There may be a few large banks that have a load of crap on their books, who have stopped lending and have their hands out to the government for a bailout, but the effect does not extend to the industry.  The industry slowdown in lending is a cyclical phenomenon.

I decided to go the Federal Reserve Bank of St. Louis’s FRED database to see what the data says.  I’m not going to burn up a lot of bandwidth (the link above takes you to the page the graphs below come from—you can customize them to be levels or year-over-year percentage changes or other forms):



Note that commercial and industrial loan volume fell after the last two recessions were over, and can be expected to do so again in the current climate of deleveraging.  You can almost tell from their behavior in the fourth quarter of 2008 who’s got crap on their books:


So the experience of the Summers-Geithner plan will likely be this:  banks will reduce their lending after getting the new bailout money, some private equity-hedge fund types will get richer, and American taxpayers will have a bigger stone on their backs.

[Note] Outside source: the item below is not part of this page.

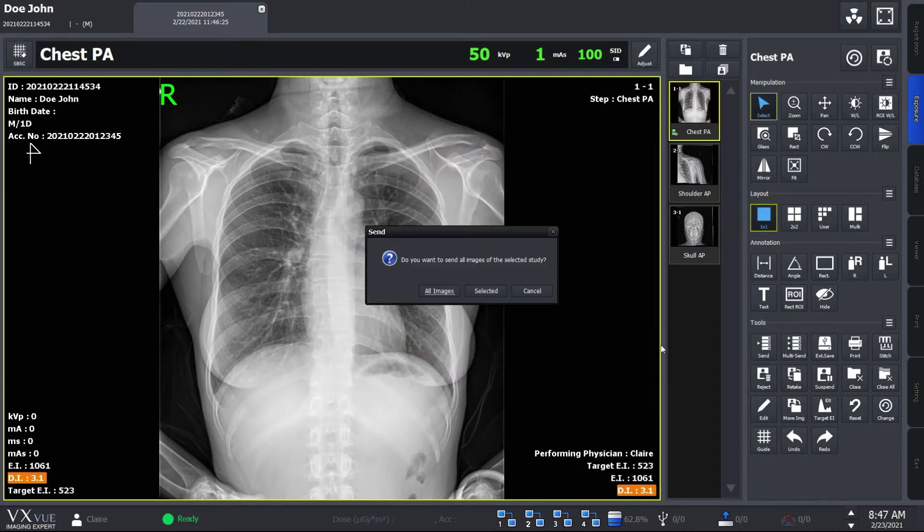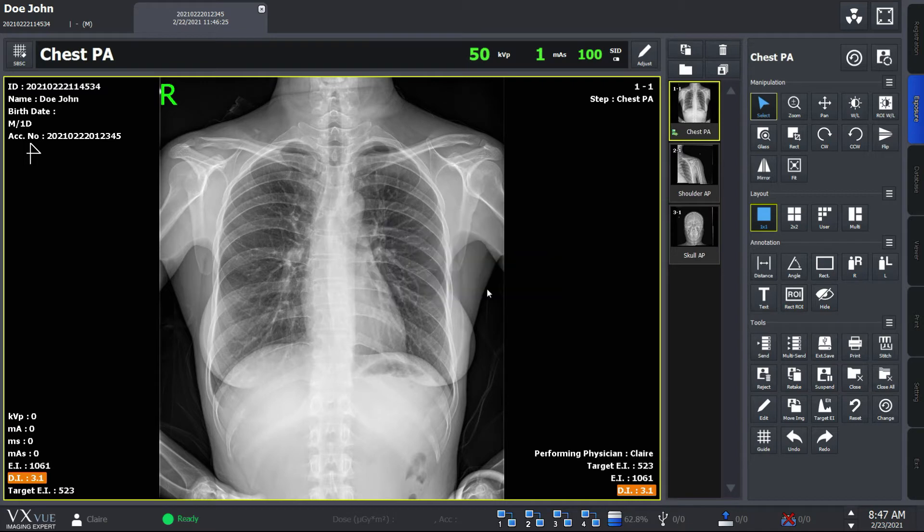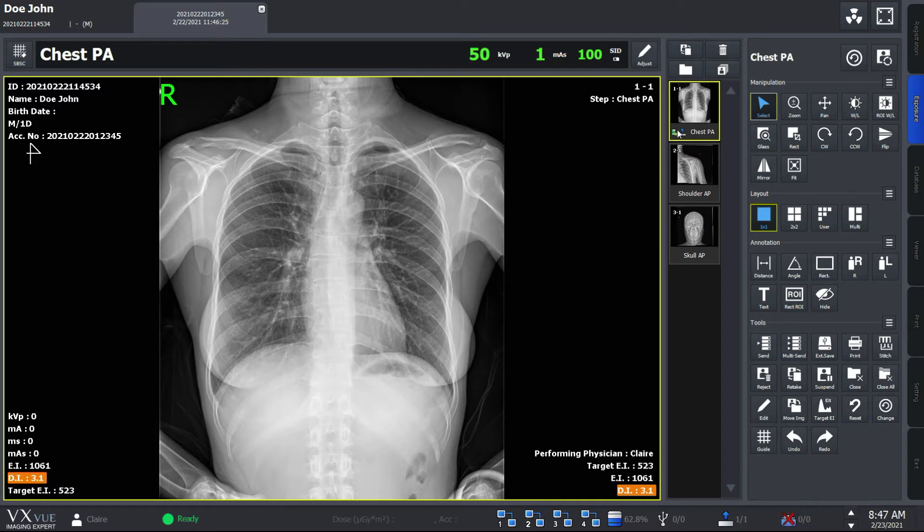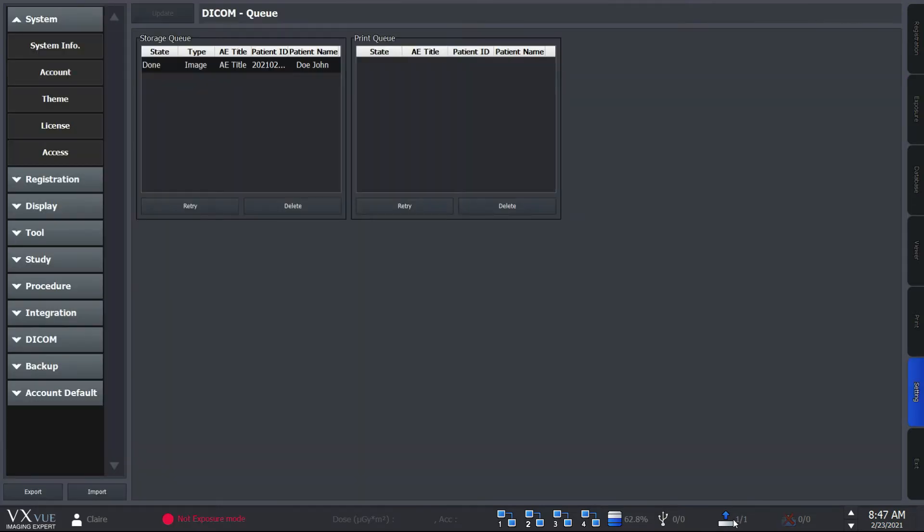The send function allows you to send images to PACS. After sending the images, you would want to check the sending status, and you can do this by checking the thumbnail or checking the status bar down here. Clicking this icon brings you to the Q tab where you can see the detailed status.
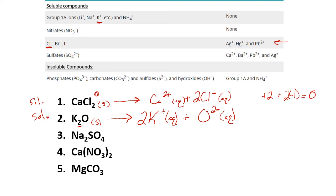Now we can double-check our charges. Solid ionic compounds should always be zero. We want to double-check the charges of our ions: we have two times plus one, and we have a negative two. So two times plus one is a plus two, minus two — overall our charge is zero. When it comes to polyatomic ion-containing compounds, the polyatomic ion stays as one entire unit and does not get broken down into individual elements.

If a Treasury auction fails and short-term rates have to rise after Bernanke has blown yet more high-powered money into the long end of the yield curve—in other words, if the yield curve inverts between now and, say, November 2011—we can safely predict that Obama will be a one-term president.  Our “animal spirits” forecasting model will give ample warning of the next recession, as it appears to be calling some sort of recovery pretty well about now.